Ich hatte mir das VPACE Moritz275 angeschaut und bin doch vom Konzept und natürlich vom Gewicht sehr angetan, da wir doch viele Trails fahren und es dementsprechend auch oft aufwärts geht. Allerdings ist wird er jetzt 13, ist knappe 1,55 m bei 75 cm Innenbein. Ich habe jetzt bedenken, dass das VPACE schnell (nächstes Jahr) schon zu klein sein wird. Wobei man vermutlich eh keines bekommt: heute um 3:31 Uhr die Mail "sind wieder verfügbar", um 6:47 Uhr schon wieder alle weg. ?

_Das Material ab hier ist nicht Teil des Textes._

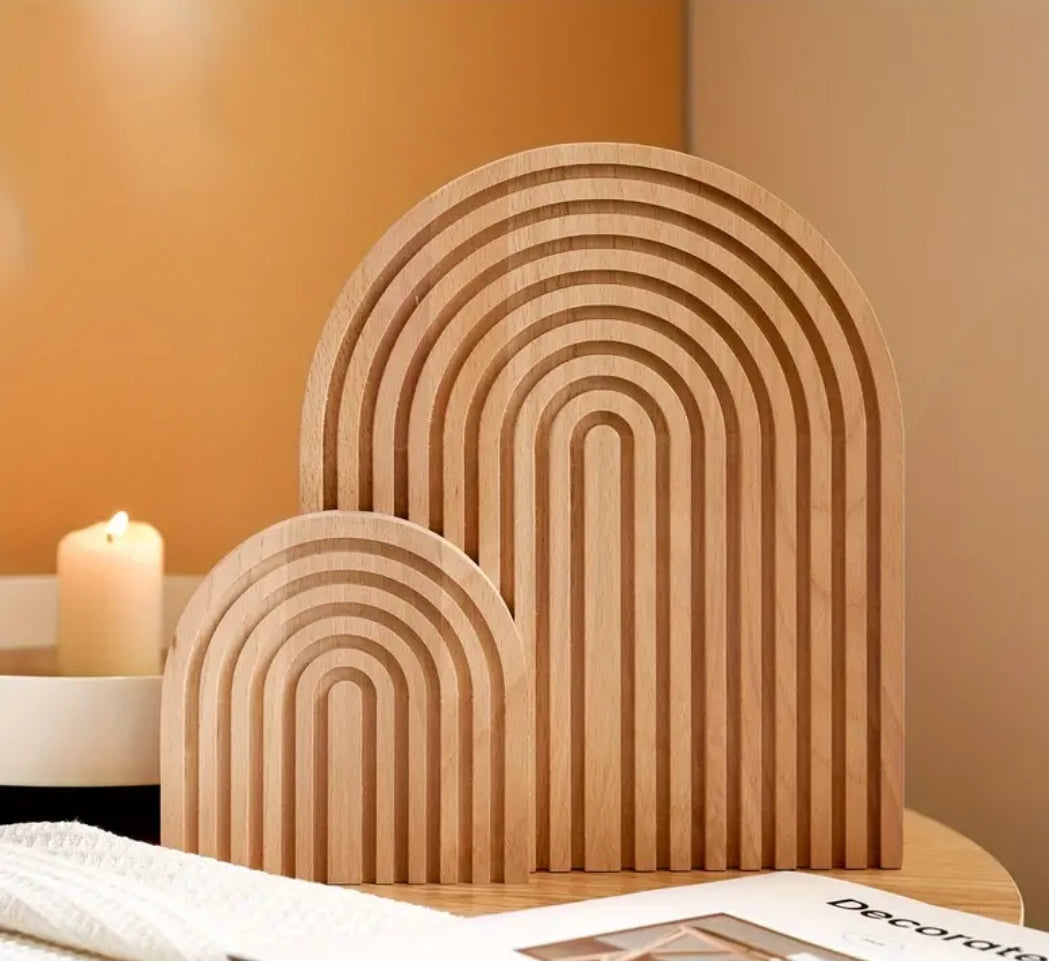Wooden arched serving trays / cheese boards /decorative trays (set of 2)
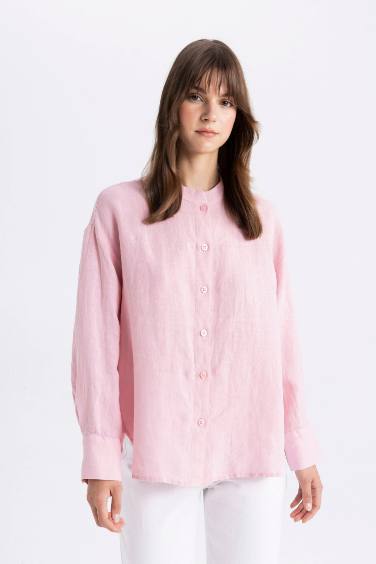 Relax Fit Long Sleeve Shirt Linen Tunic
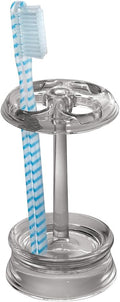 InterDesign Franklin Toothbrush Holder Stand for Bathroom Vanity Countertops - Smoke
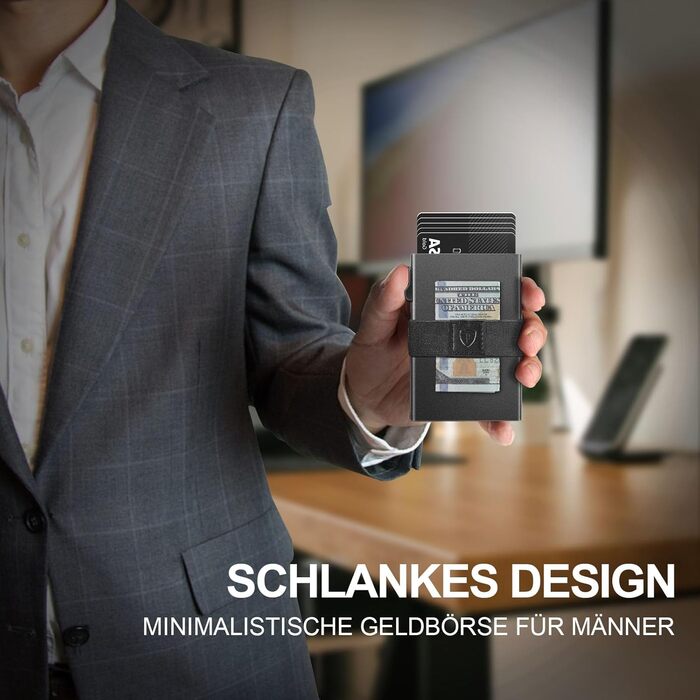 Чоловічий гаманець TOYFID з відділом для AirTag, 12 слотів для карток, відділення для паперових грошей, RFID захист, швидкодіюча кнопка виштовхування, алюміній, сірий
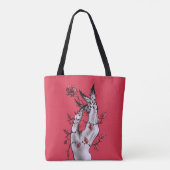 Horrorhand met Rozen Gothic Dark Fantasy Tote Bag (Achterkant)
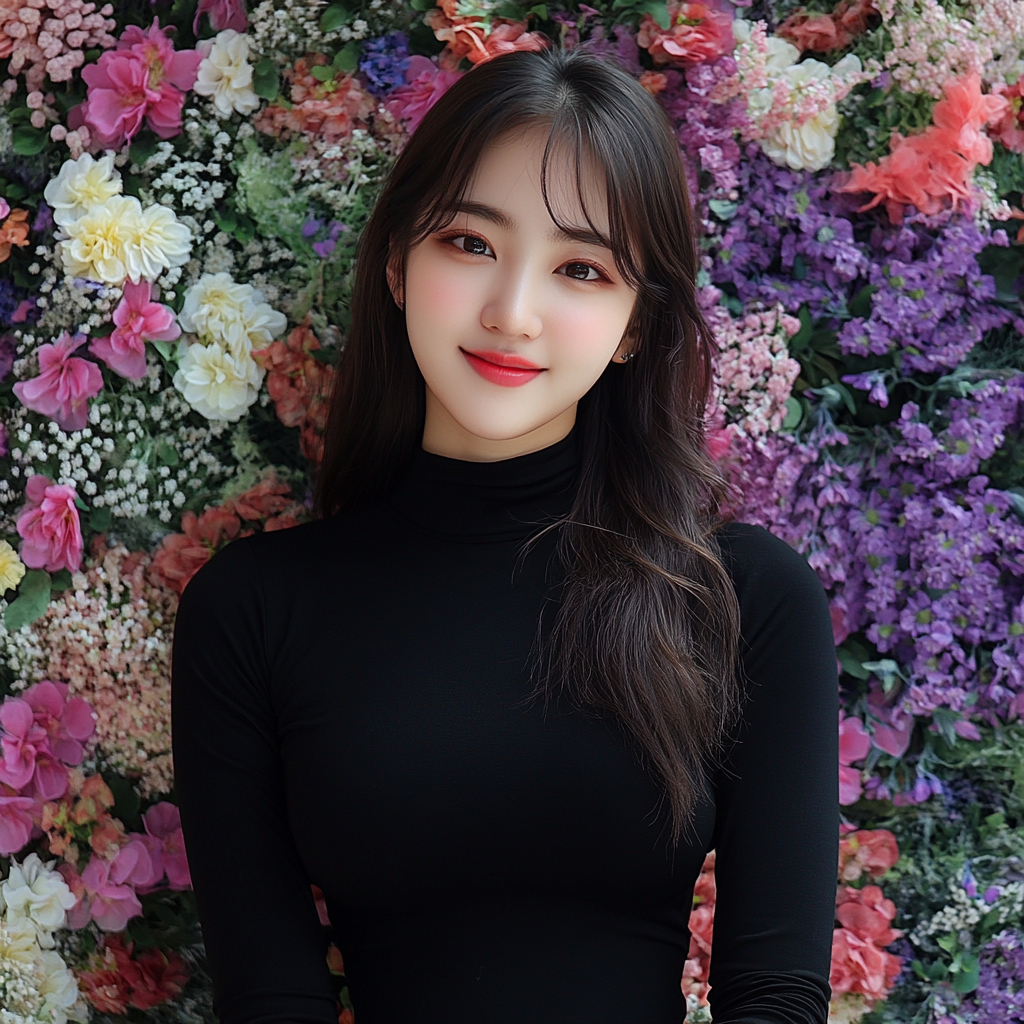 Young Indonesian Girl Smiling with Flowers Background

Irgendwie finde ich aber auch keine echten alternativen. Man landet dann bei dem Preisniveau (um 2200 Euro) und 120er Fullys ja eher im Einstiegsbereich der Erwachsenenräder - die dann selten unter 14 Kilo kommen, selbst Canyon Neuron und Rose Ground Control.

Hätte sonst noch jemand Tipps? Vielen Dank schonmal!


----------



## Ingwertee (1. Juli 2020)

Hallo,
ich habe für meinen Sohn in ähnlicher Lage letztlich ein gebrauchtes älteres Fully gekauft. Ein Specialized FSR von 1999, Rahmengröße S . Ich habe lange gezögert, ob so ein altes Rad eine Option ist, dann spontan eines in der Nähe angeschaut. Sicherlich auch ein Glückstreffer - das Rad war gut gepflegt, der Dämpfer nagelneu. Aber man merkt immer noch, dass es damals ein Toprad war. Leicht, passt gut, fährt sich gut. Und hat nur 280 Euro gekostet. So kann ich dem Rauswachsen entspannt entgegensehen und mich vermutlich kommenden Sommer um die nächste Größe kümmern. Ein Neurad gibt es, wenn er nicht mehr so schnell wächst.

Schöne Grüße!


----------



## MTB-News.de




----------



## lightson (19. August 2020)

Servus,
Ich würde einfach einen Rahmen von Vpace kaufen und den einfach selber aufbauen dann könntest du nämlich auch eine längere Kurbel und Sattelstütze einbauen


----------



## Ivenl (19. August 2020)

Kauf einfach ein gebrauchtes 26 von 201X in Größe S, Preis Leistung ist da momentan insane.


----------



## LockeTirol (22. August 2020)

Die längere Kurbel könnte man auch direkt mit bestellen, aber das Bike wäre trotzdem bald zu klein denke ich


----------